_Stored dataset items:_
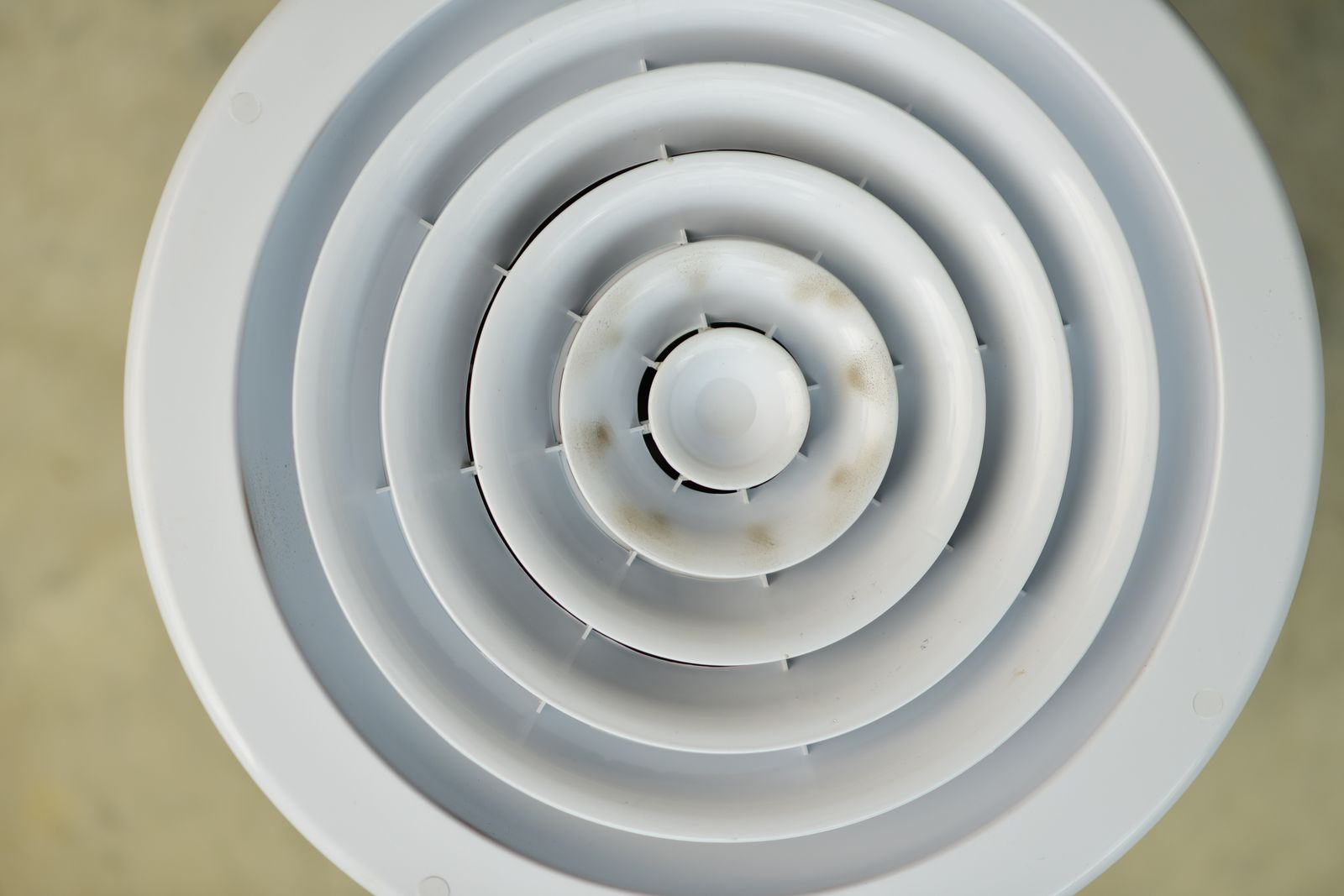 %titre de l'article% Bouche de ventilation : renouveler l’air du logement sans gaspiller la chaleur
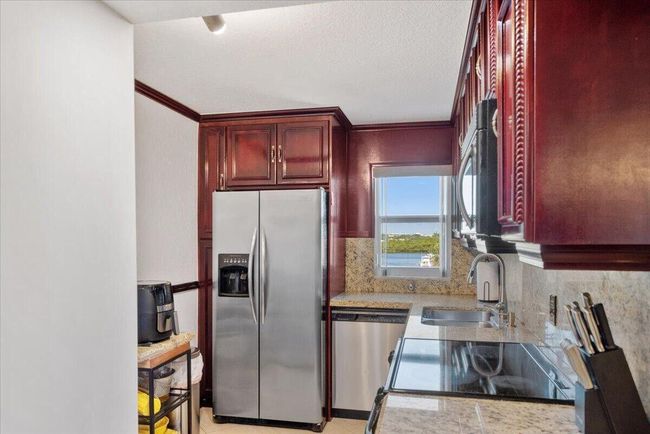 APT-402 - 4505 S Ocean Blvd, Condo with 2 bedrooms, 2 bathrooms and null parking in Highland Beach FL | Image 8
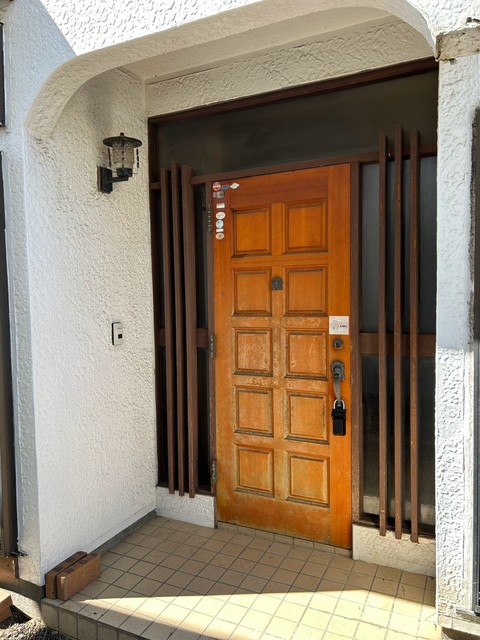 上藤沢戸建の玄関写真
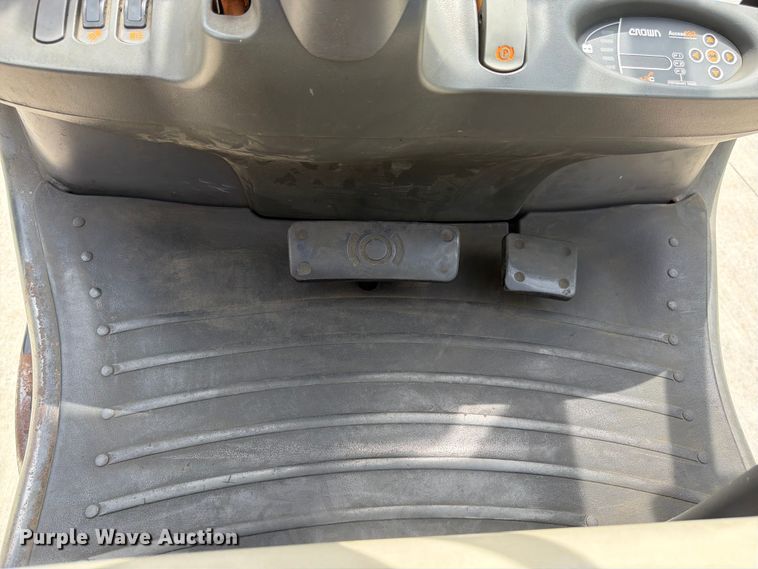 image for item FK3109 Crown FC4510-50 forklift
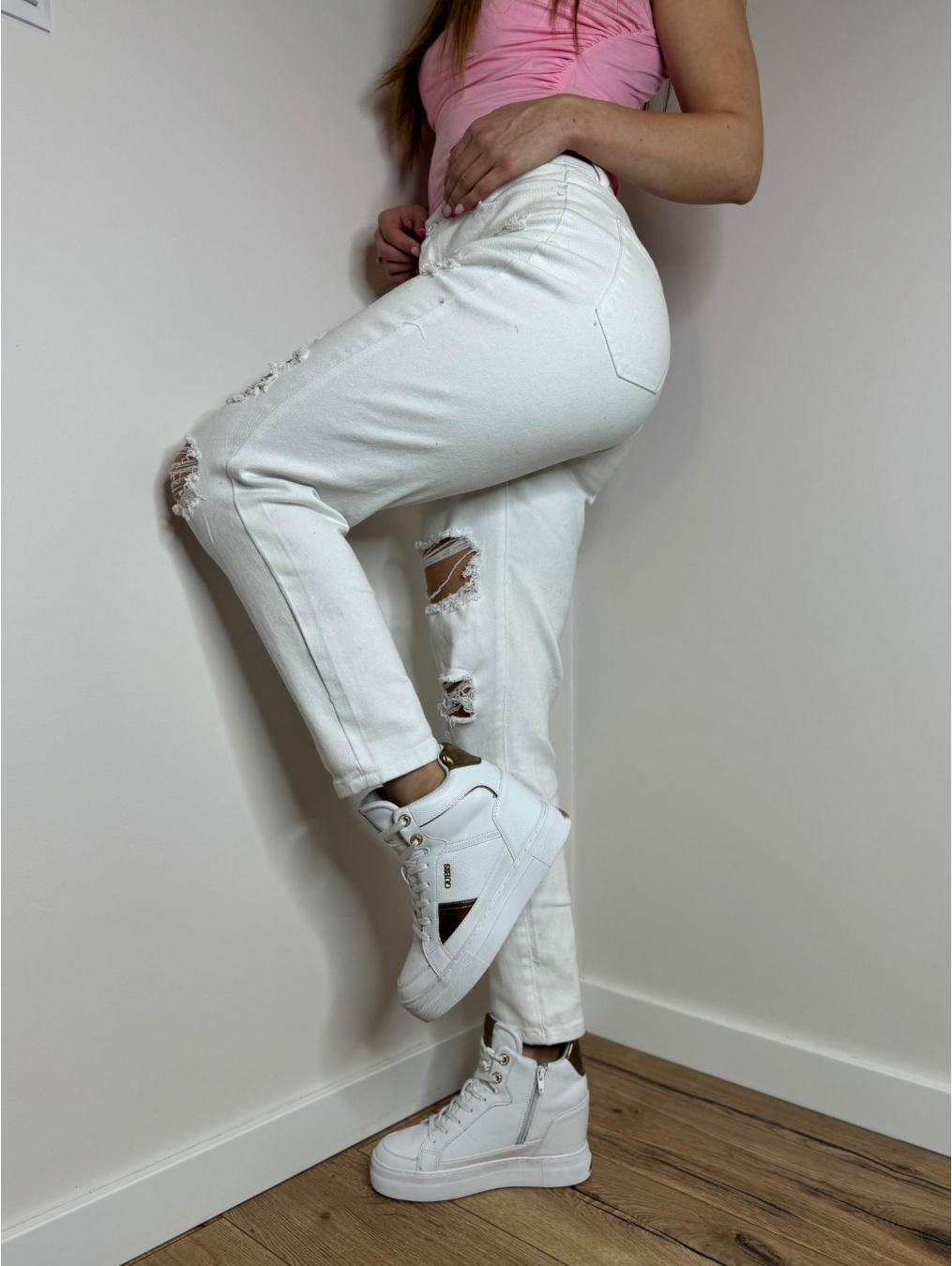 Białe jeansy typu mom stretch LX139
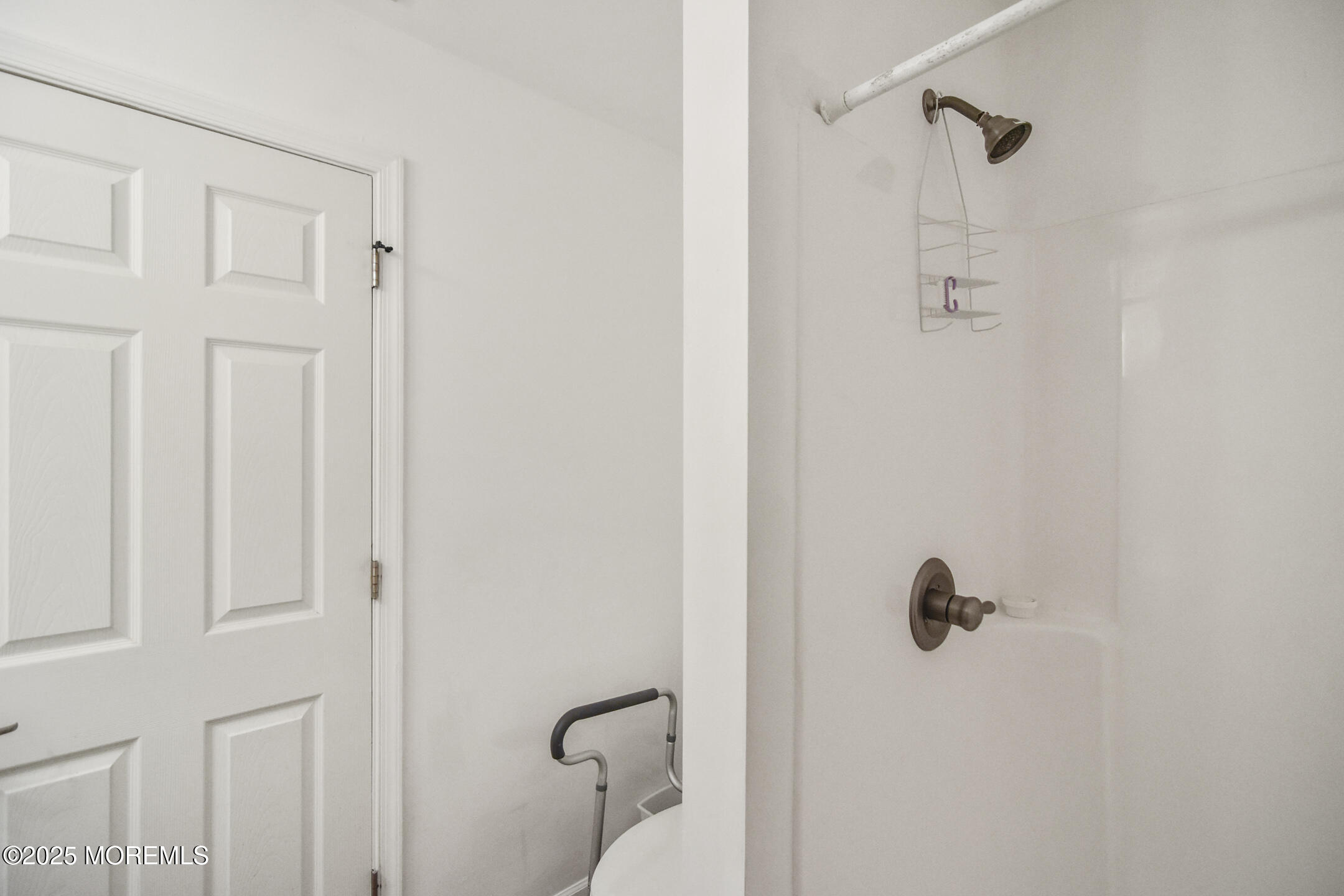 636 Main Street Belford, NJ 07718 - Photo 19 of 39 DSC_0035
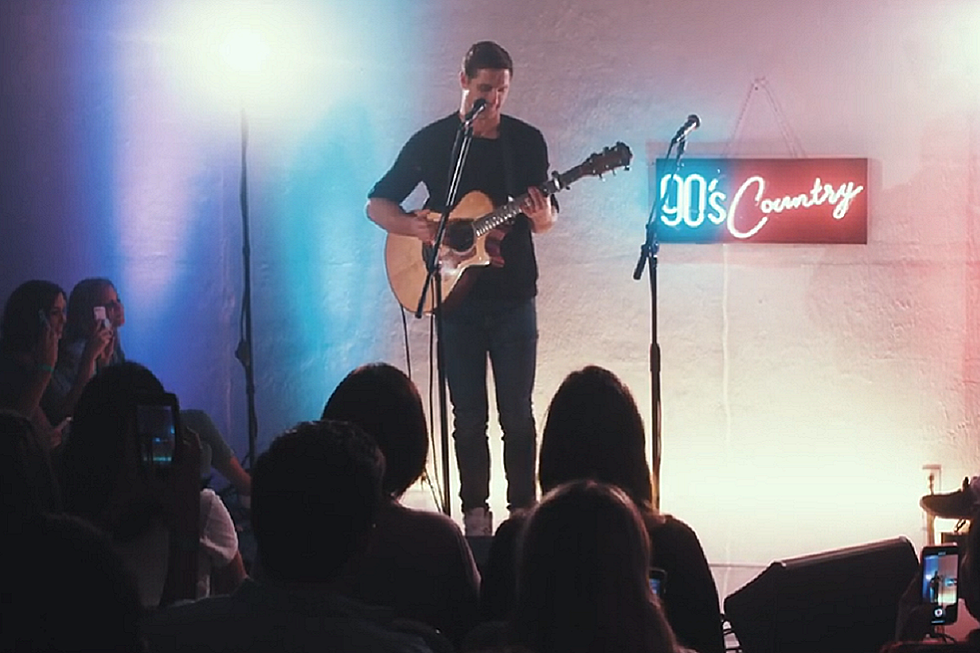 Walker Hayes’ ’90’s Country’ Acoustic Performance Keeps the Beat Strong [WATCH]
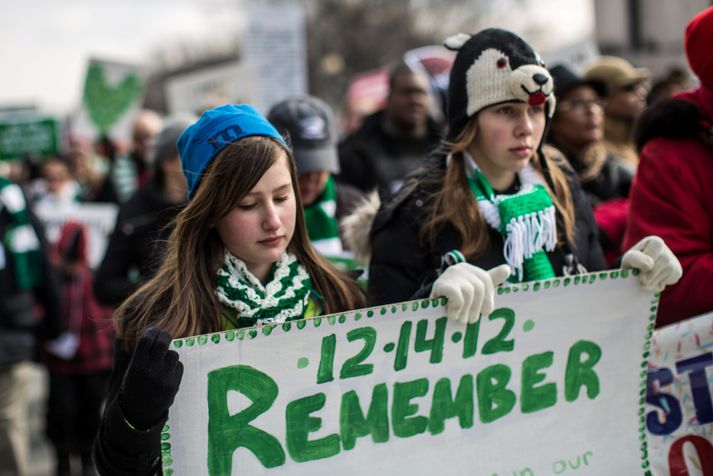 Göngufólkið var með græna og hvíta trefla en um einkennisliti Sandy Hook skólans er að ræða.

_Work required:_ Your answer is an exact copy of the records above, stripped of pictures.

_Finished task:_
 %titre de l'article% Bouche de ventilation : renouveler l’air du logement sans gaspiller la chaleur
 APT-402 - 4505 S Ocean Blvd, Condo with 2 bedrooms, 2 bathrooms and null parking in Highland Beach FL | Image 8
 上藤沢戸建の玄関写真
 image for item FK3109 Crown FC4510-50 forklift
 Białe jeansy typu mom stretch LX139
 636 Main Street Belford, NJ 07718 - Photo 19 of 39 DSC_0035
 Walker Hayes’ ’90’s Country’ Acoustic Performance Keeps the Beat Strong [WATCH]
 Göngufólkið var með græna og hvíta trefla en um einkennisliti Sandy Hook skólans er að ræða.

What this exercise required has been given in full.